An Integrated Model of Residential Location, Work Location, Vehicle Ownership, and Commute Tour Characteristics

Rajesh Paleti

The University of Texas at Austin

Department of Civil, Architectural and Environmental Engineering

301 E. Dean Keeton St. Stop C1761, Austin TX 78712-1172

Phone: 512-471-4535, Fax: 512-475-8744

E-mail:

Chandra R. Bhat (corresponding author)

The University of Texas at Austin

Department of Civil, Architectural and Environmental Engineering

301 E. Dean Keeton St. Stop C1761, Austin TX 78712-1172

Phone: 512-471-4535, Fax: 512-475-8744

E-mail:

Ram M. Pendyala

Arizona State University

School of Sustainable Engineering and the Built Environment

Room ECG252, Tempe, AZ 85287-5306

Phone: 480-727-9164; Fax: 480-965-0557

Email:

November 15, 2012

ABSTRACT

This paper offers an econometric model system that simultaneously considers six different activity-travel choice dimensions in a unifying framework. The six dimensions include residential location choice, work location choice, auto ownership, commuting distance, commute mode, and number of stops on commute tours.

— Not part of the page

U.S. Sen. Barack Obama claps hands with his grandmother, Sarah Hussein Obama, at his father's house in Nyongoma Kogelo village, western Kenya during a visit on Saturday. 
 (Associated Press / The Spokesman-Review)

The paper presents the modeling methodology in detail as well as estimation results for a joint model system estimated on a data set extracted from the 2009 National Household Travel Survey. Estimation results show substantial presence of correlated unobserved effects (self-selection) across choice dimensions, underscoring the value offered by joint equations model systems in the travel modeling field.

1

INTRODUCTION

There is a growing and important body of evidence that supports the notion that people make a multitude of choices as a “bundle”, choosing a series of location and activity-travel attributes that define their lifestyle jointly. This simultaneous selection of a number of choice dimensions across the varied temporal scales calls for the development and deployment of model systems wherein a number of choice behaviors are captured jointly while accounting for both observed and unobserved effects that affect the behaviors of interest. This paper is aimed at formulating and estimating a multi-dimensional integrated choice model system that connects a multitude of choices across disparate temporal scales, i.e., the long term, the medium term, and the short term.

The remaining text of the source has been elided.